DATASET EXCERPTS START

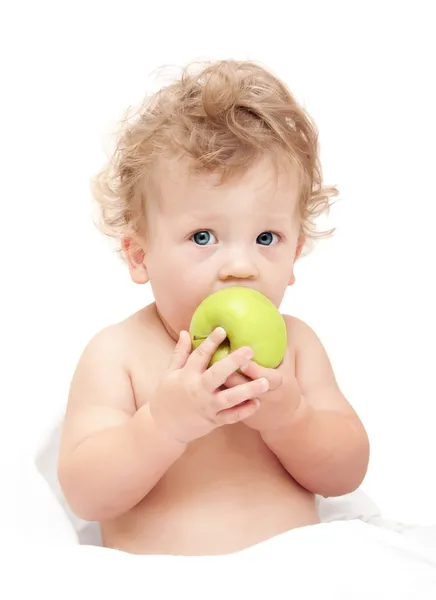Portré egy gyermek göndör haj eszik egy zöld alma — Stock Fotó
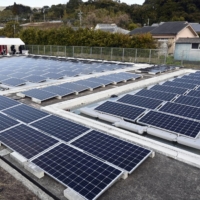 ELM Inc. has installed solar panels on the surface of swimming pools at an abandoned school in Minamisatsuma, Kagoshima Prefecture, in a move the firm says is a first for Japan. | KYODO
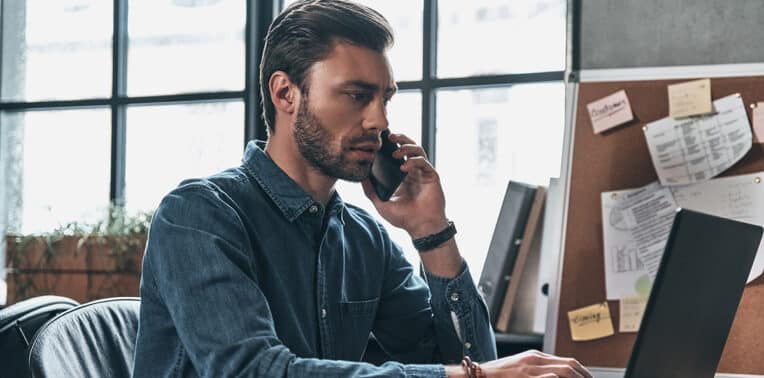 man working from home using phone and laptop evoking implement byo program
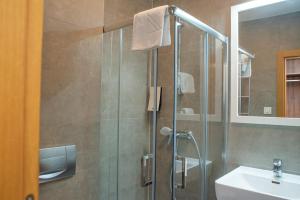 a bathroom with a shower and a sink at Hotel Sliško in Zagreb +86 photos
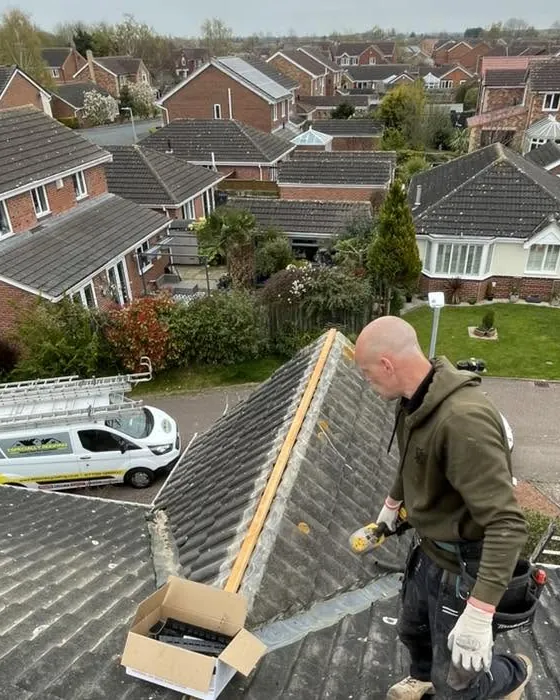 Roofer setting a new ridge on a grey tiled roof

DATASET EXCERPTS END

WORK ITEM: Write out exactly the lines from the line that contains "man working from" to the last line of the material above, both included; pictures do not belong in the copy.

TASK RESULT:
 man working from home using phone and laptop evoking implement byo program
 a bathroom with a shower and a sink at Hotel Sliško in Zagreb +86 photos
 Roofer setting a new ridge on a grey tiled roof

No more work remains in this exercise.